Once you have created a long format, you can turn it back into a wide format with dcast():
dcast(people_L1,cod + state + education~ variable)
## cod state education ages
## 1 A1 NY High NA
## 2 A10 VA Low 28
## 3 A11 WA Medium 31
## 4 A12 WA High 34
## 5 A13 NY Low 27
## 6 A14 CO Medium 27
## 7 A15 NY High 28
## 8 A16 WA Low 28
## 9 A17 WA Low 27
## 10 A18 WA Low 32
## 11 A19 NY Medium 40
## 12 A2 WA Low 27
## 13 A20 NY Low 25
## 14 A3 WA High 25
## 15 A4 CO Medium 31
## 16 A5 CO Low 28
## 17 A6 NY High 37
## 18 A7 NY Medium 37
## 19 A8 NY Medium 25
## 20 A9 CO Low 38
Notice this is the original data frame.
Now, for the second case:
people_L2=melt(people, id=c('cod','state'))

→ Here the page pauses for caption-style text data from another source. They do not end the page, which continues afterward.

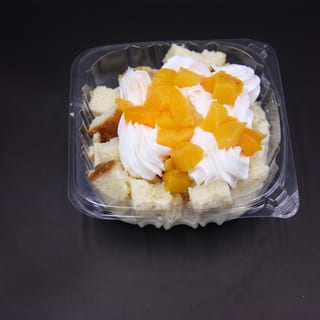 Mexican Tres Leches Cake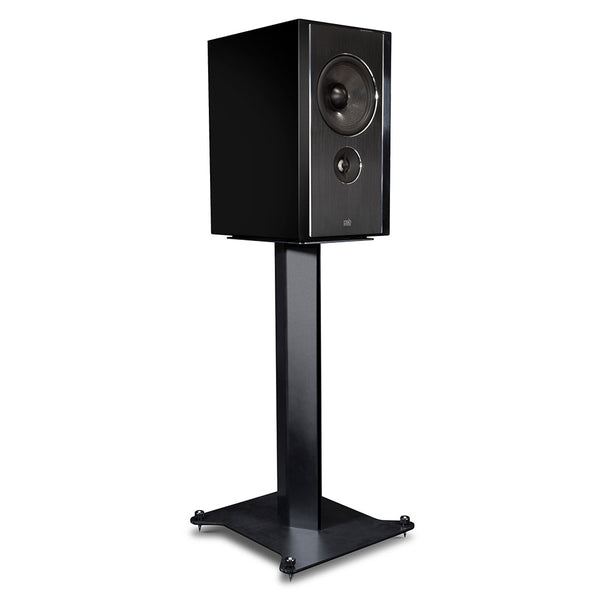 PSB Synchrony Stand SST-24 Stand for B600 Bookshelf Speaker - Black (P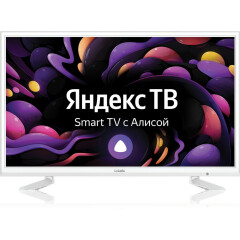 ЖК телевизор BBK 24" 24LEX-7288/TS2C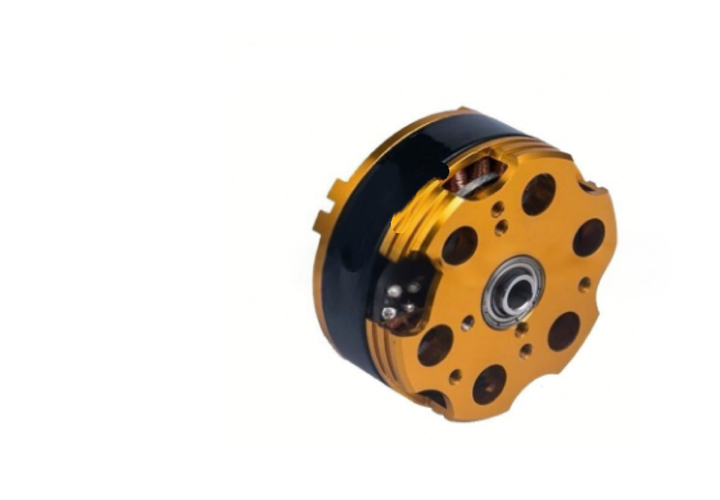 E4108 130KV AirDrive Brushless Motor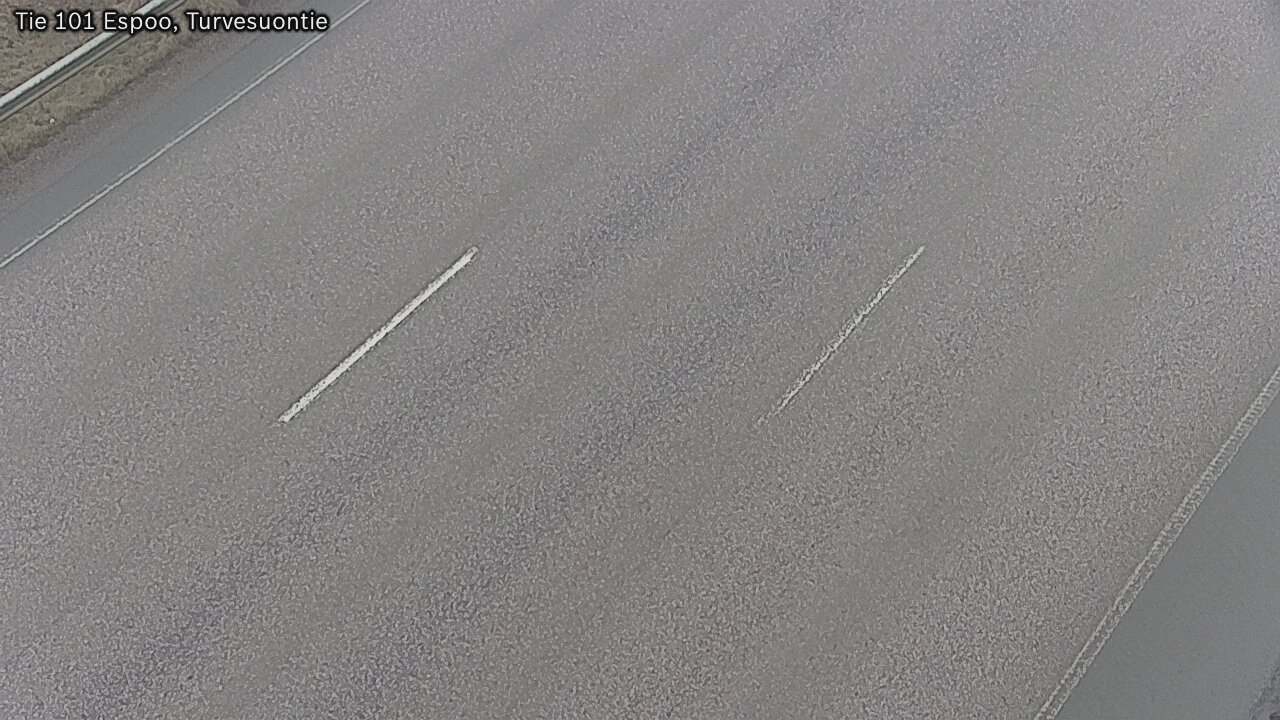 Kelikamerat Kuva Tie 101 Espoo Turvesuontie, Espoo, Uusimaa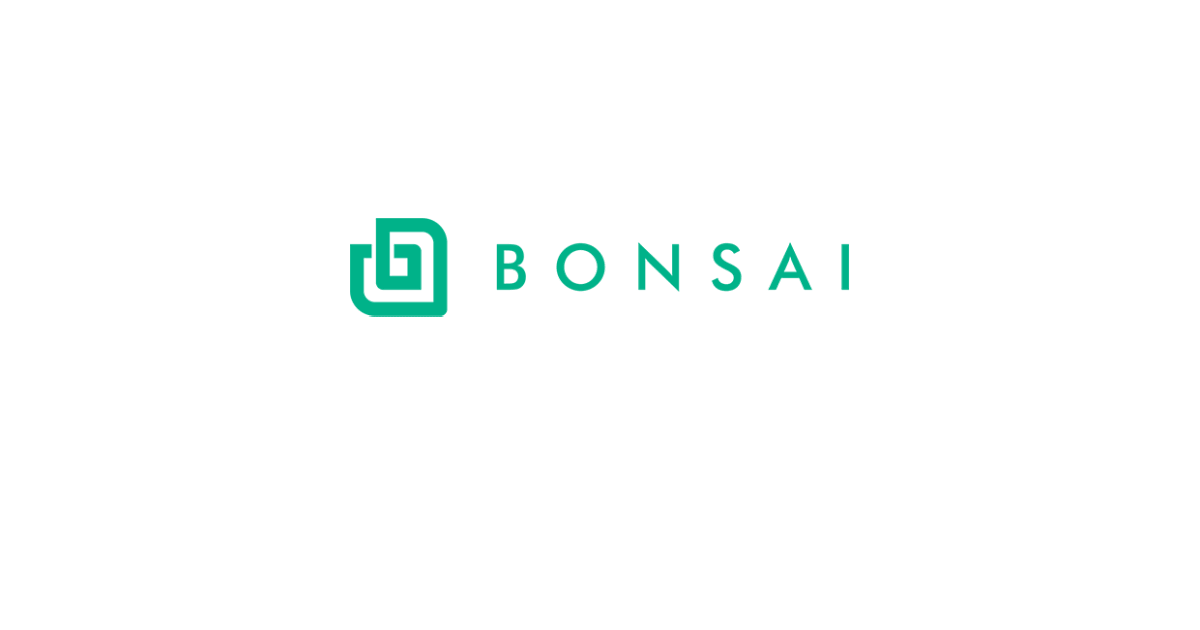 Bonsai Discount Code 2022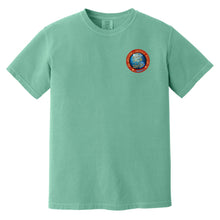 NJWRC 24 Convention Edition- Adult Comfort Color T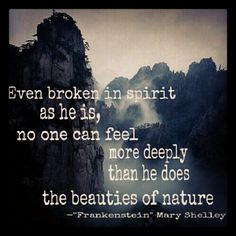 Mary Shelley More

## Warning: attributes are not identical across measure variables; they will
## be dropped
dcast(people_L2,cod + state ~ variable)
## cod state ages education
## 1 A1 NY <NA> High
## 2 A10 VA 28 Low
## 3 A11 WA 31 Medium
## 4 A12 WA 34 High
## 5 A13 NY 27 Low
## 6 A14 CO 27 Medium
## 7 A15 NY 28 High
## 8 A16 WA 28 Low
## 9 A17 WA 27 Low
## 10 A18 WA 32 Low
## 11 A19 NY 40 Medium
## 12 A2 WA 27 Low
## 13 A20 NY 25 Low
## 14 A3 WA 25 High
## 15 A4 CO 31 Medium
## 16 A5 CO 28 Low
## 17 A6 NY 37 High
## 18 A7 NY 37 Medium
## 19 A8 NY 25 Medium
## 20 A9 CO 38 Low
Notice this look like the original data frame, but the data types are not the original ones.